GIVEN INFORMATION ->
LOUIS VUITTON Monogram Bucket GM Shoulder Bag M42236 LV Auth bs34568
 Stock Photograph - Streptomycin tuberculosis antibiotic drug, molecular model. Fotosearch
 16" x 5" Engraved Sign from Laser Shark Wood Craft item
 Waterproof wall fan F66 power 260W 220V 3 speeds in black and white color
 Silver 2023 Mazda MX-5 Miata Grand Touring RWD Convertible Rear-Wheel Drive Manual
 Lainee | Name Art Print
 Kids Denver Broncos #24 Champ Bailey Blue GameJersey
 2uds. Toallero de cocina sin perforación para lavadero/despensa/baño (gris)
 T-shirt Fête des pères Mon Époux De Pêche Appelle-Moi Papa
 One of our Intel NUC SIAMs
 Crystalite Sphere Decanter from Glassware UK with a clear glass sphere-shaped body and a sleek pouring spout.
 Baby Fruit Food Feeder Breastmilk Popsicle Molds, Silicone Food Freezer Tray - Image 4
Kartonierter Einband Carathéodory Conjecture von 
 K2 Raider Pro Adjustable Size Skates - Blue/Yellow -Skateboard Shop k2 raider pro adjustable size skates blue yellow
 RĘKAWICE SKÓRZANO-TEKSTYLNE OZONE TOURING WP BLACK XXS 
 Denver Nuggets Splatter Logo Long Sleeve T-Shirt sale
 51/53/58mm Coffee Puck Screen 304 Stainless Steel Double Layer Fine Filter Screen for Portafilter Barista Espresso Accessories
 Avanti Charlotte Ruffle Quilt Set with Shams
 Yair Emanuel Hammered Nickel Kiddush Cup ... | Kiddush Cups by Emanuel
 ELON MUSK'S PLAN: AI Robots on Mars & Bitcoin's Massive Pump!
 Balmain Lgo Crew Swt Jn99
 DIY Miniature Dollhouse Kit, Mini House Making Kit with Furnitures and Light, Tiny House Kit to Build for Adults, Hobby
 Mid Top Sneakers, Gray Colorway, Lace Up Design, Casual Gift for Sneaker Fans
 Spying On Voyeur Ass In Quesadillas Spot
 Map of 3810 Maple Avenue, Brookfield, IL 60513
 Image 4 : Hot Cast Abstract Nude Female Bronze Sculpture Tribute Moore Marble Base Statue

TASK PROMPT ->
Look through the data above and return exactly the lines from the one that contains "Denver Nuggets Splatter" to the one that contains "Yair Emanuel Hammered", inclusive, with nothing else.

OUTPUT FOR THIS EXERCISE ->
 Denver Nuggets Splatter Logo Long Sleeve T-Shirt sale
 51/53/58mm Coffee Puck Screen 304 Stainless Steel Double Layer Fine Filter Screen for Portafilter Barista Espresso Accessories
 Avanti Charlotte Ruffle Quilt Set with Shams
 Yair Emanuel Hammered Nickel Kiddush Cup ... | Kiddush Cups by Emanuel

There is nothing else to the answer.